No. アフターサポート項目 チェック内容 頻度/備考
1 経営状況の定期確認 – 売上、利益、キャッシュフロー等のレビュー
– KPIモニタリングシステムの稼働状況確認
承継後3ヶ月ごとのレビュー会議
2 従業員の満足度調査 – 従業員アンケートの実施
– 改善策の策定と実施状況の確認
半年ごと
3 主要取引先との連携強化 – 主要取引先との定期面談
– 契約更新や新たな取引条件の見直し
四半期ごと
4 新経営体制のパフォーマンスレビュー – 経営会議の開催頻度、議題、決定事項の実施状況
– 幹部のリーダーシップ評価(360度フィードバック等)
半年ごとの評価面談
5 財務指標のモニタリング – 定期的な財務諸表のレビュー
– 予算と実績の乖離確認と必要対策の検討
四半期ごと
6 リスク管理体制の見直し – 市場変動、法務リスク、内部統制の評価
– トラブル発生時の対応策と報告体制の確認
半年ごとの定期レビュー
7 後継者育成プログラムの進捗管理 – 後継者のスキルやリーダーシップの評価
– 必要な研修や外部セミナーへの参加状況の確認
半年ごとの評価面談
8 社内コミュニケーションの強化 – タウンホールミーティング、部署横断型ミーティングの開催
– 社内SNSやイントラネットによる情報共有状況の確認
月次または四半期ごと
9 メンタルヘルス・サポート体制の確認 – ストレスチェック、カウンセリングの実施
– 外部カウンセラーとの連携状況の確認
年2回以上、必要に応じて
10 定期的なフォローアップと改善策の実施 – 定期レビュー会議での課題抽出と改善策の実施状況の確認
– 次回レビューで改善効果の再評価
半年ごと


2. スケジュール事例

企業の規模や状況に応じて、5年計画、3年計画、1年計画を設定し、段階的に進めることが重要です。

2.1 5年計画:後継者育成と企業基盤の強化

主な施策
後継者の育成: OJTや外部研修を活用し、実践経験を積ませる
経営計画の見直し: 年間売上成長率5〜10%向上を目標に設定
持株比率の調整: 相続税・贈与税対策を考慮し、株式移転の手法を決定

具体例
ある製造業では、5年前から計画的に後継者を育成し、承継後1年で売上10%増加・従業員定着率95%以上を達成しました。


2.2 3年計画:株式譲渡と税制適用の準備

主な施策
株式の評価と移転方法の検討: 企業価値を再評価し、税負担を20%削減
事業承継税制の適用準備: 税理士と連携し、手続きの確認を進める
主要取引先・金融機関との関係強化: 契約更新率90%以上を目標

具体例
あるIT企業では、3年計画で事業承継税制を活用し、株式移転時の税負担を30%軽減しました。


2.3 1年計画:最終実行と関係者調整

主な施策

・従業員・取引先・金融機関への説明と合意形成

・株式移転・経営権の正式承継

・新経営体制の確立と最終調整

具体例
ある飲食業では、急遽1年以内に事業承継を試みた結果、主要取引先が離脱し、売上が15%減少しました。
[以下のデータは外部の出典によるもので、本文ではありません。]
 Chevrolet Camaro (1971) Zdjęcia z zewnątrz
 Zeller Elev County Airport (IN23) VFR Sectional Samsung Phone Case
準備不足を防ぐためには、説明会や個別面談が不可欠です。


3. 事業承継計画の成功ポイント

専門家(税理士・弁護士・M&Aアドバイザー)との連携
進捗管理の徹底(チェックリスト・テンプレートの活用)
従業員・取引先との円滑なコミュニケーション


4. FAQ(よくある質問)

Q: 後継者の育成が進まない場合、どうすればよいですか?
進捗評価を3ヶ月ごとに実施し、必要に応じて育成計画を見直す
外部の専門家(経営コンサルタント)と連携し、育成を補強する

Q: 株式譲渡の遅延を防ぐ方法は?
早期に企業価値評価を実施し、税制適用の可否を確認する
専門家と連携し、承継手続きをスムーズに進める


5. まとめ

事業承継は計画立案・実行・フォローアップの3ステップで進める
5年・3年・1年のスケジュール例を参考に、自社に最適な計画を立てる
専門家と連携し、リスクを最小化する
従業員・取引先との信頼関係を重視し、円滑な承継を実現する

 

本章を参考に、計画的な事業承継を進めてください。